Mistake 4: Neglecting data cleaning after extraction
What's wrong: assuming that the Markdown produced by Crawl4AI is perfect and directly injectable. Some sites have atypical structures that can let noise through (recurring menus, modification dates, useless metadata).
The solution: add a post-processing step (filtering by chunk length, removal of recurring patterns, deduplication) before embedding.
❓ Frequently asked questions
Is Crawl4AI really free?
Yes, under the Apache 2.0 license. But "free" does not mean "without cost": you pay for the infrastructure (server, proxies) and potentially for LLM calls for extraction. The cost is zero in licensing, but not in operations.

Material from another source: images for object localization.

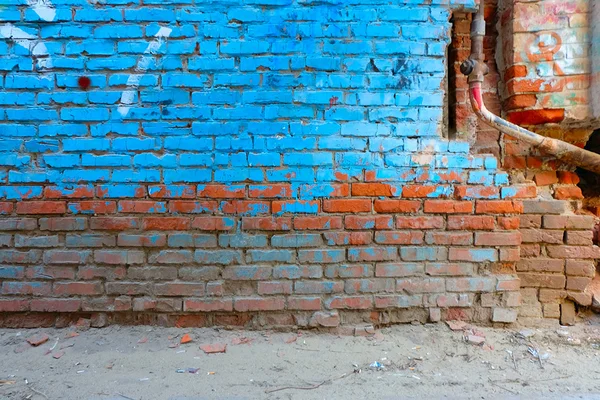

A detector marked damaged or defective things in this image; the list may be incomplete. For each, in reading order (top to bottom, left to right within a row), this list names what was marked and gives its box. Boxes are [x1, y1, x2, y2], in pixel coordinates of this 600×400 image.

rusty water pipe [464, 0, 600, 175] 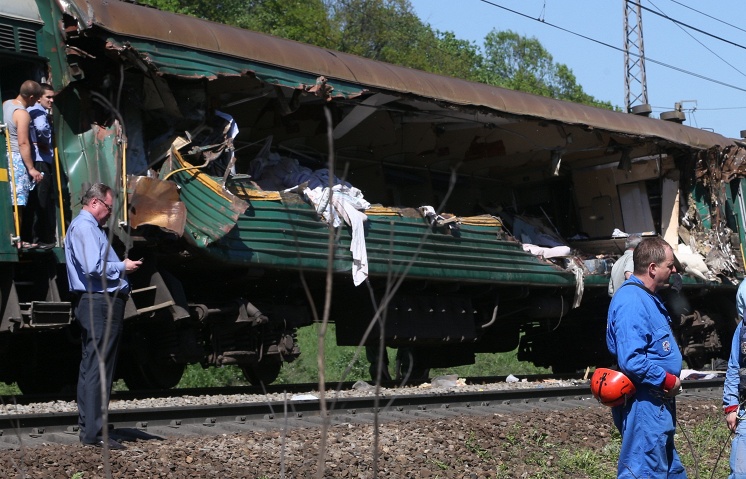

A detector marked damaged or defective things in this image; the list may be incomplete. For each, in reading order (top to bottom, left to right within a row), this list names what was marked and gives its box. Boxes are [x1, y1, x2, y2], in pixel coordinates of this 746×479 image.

rusty corrugated metal [58, 0, 732, 152]
torn metal panel [126, 175, 185, 237] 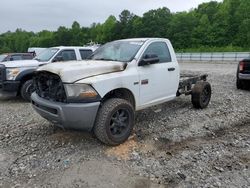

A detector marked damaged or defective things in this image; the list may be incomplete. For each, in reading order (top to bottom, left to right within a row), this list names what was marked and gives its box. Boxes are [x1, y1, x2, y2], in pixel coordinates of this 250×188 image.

crumpled hood [37, 59, 127, 82] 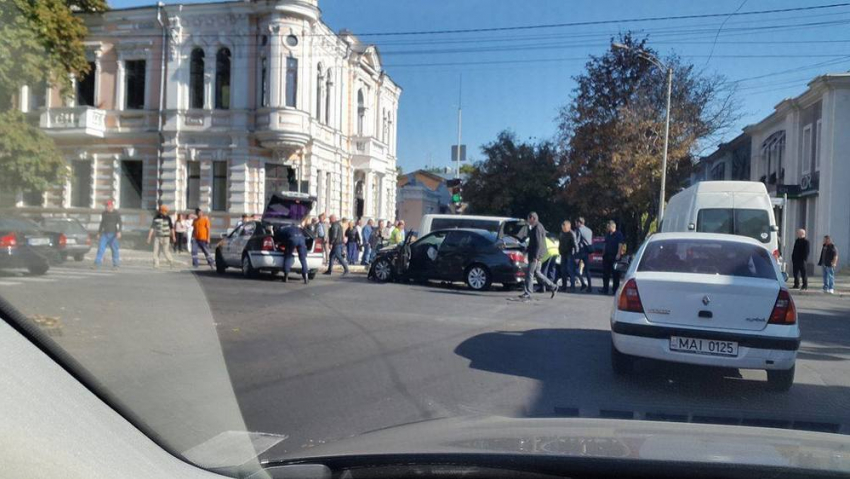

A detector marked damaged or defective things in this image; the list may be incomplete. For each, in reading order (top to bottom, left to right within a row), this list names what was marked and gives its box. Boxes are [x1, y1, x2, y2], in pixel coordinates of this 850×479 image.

crumpled hood [280, 416, 848, 472] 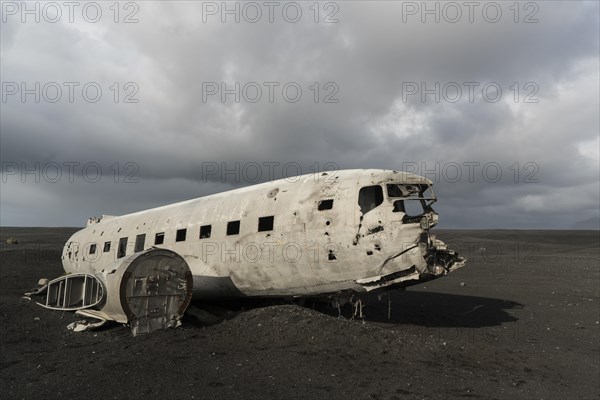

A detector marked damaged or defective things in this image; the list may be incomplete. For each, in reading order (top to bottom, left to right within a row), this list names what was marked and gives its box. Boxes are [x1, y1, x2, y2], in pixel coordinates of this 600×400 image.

crashed airplane fuselage [42, 170, 466, 332]
broken airplane window [358, 185, 382, 216] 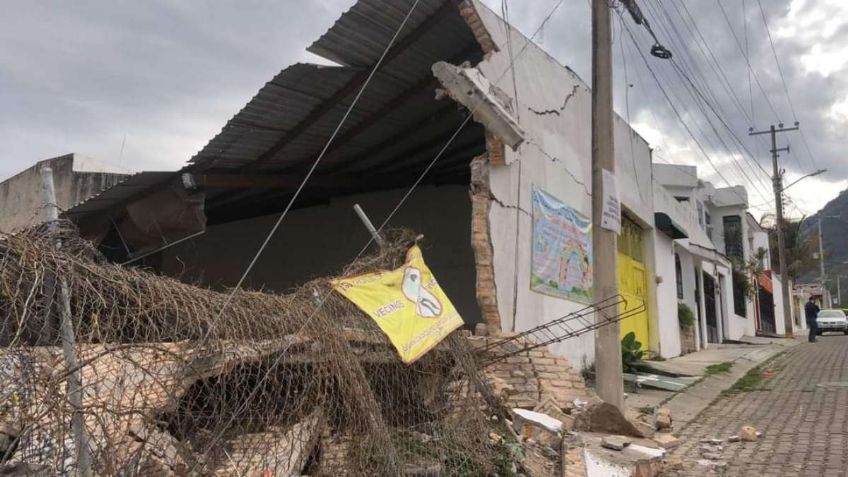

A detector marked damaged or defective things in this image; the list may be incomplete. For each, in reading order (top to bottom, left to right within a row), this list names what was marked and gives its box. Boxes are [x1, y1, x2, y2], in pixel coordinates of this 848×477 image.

Can Crawl4AI entirely replace Firecrawl?
Yes for crawling and extraction. No if you need a managed cloud API without any infra to manage. The choice depends on your ability to manage Docker containers and the level of control you demand.
Which LLM to use with Crawl4AI's LLM-based extraction?
Claude Sonnet 4.6 offers a good cost/performance balance for structured extraction. GPT-5.4 Pro is preferable for complex sites. For local, a model hosted via Ollama works for simple cases.
Does Crawl4AI handle sites with infinite pagination?
Yes, via custom navigation scripts. You can inject JavaScript that scrolls down to trigger lazy loading, then launch extraction once the desired content is visible.
Does Crawl4AI work for e-commerce scraping?
Yes, it is even one of its strong use cases. Structured extraction (price, reviews, features) combined with full JavaScript rendering allows scraping dynamically loaded product pages. CSS extraction targets specific fields, LLM extraction adapts to layout variations between sites.
✅ Conclusion
Crawl4AI is the first open-source crawler designed specifically for the LLM era, and its #1 positioning on GitHub is well-deserved. It solves the real problem of RAG pipelines and AI agents: the quality of source data, not the quantity. If you are building AI systems that need reliable and structured web data, Crawl4AI deserves a place in your stack — especially since it integrates naturally with the best AI tools for code to accelerate your development.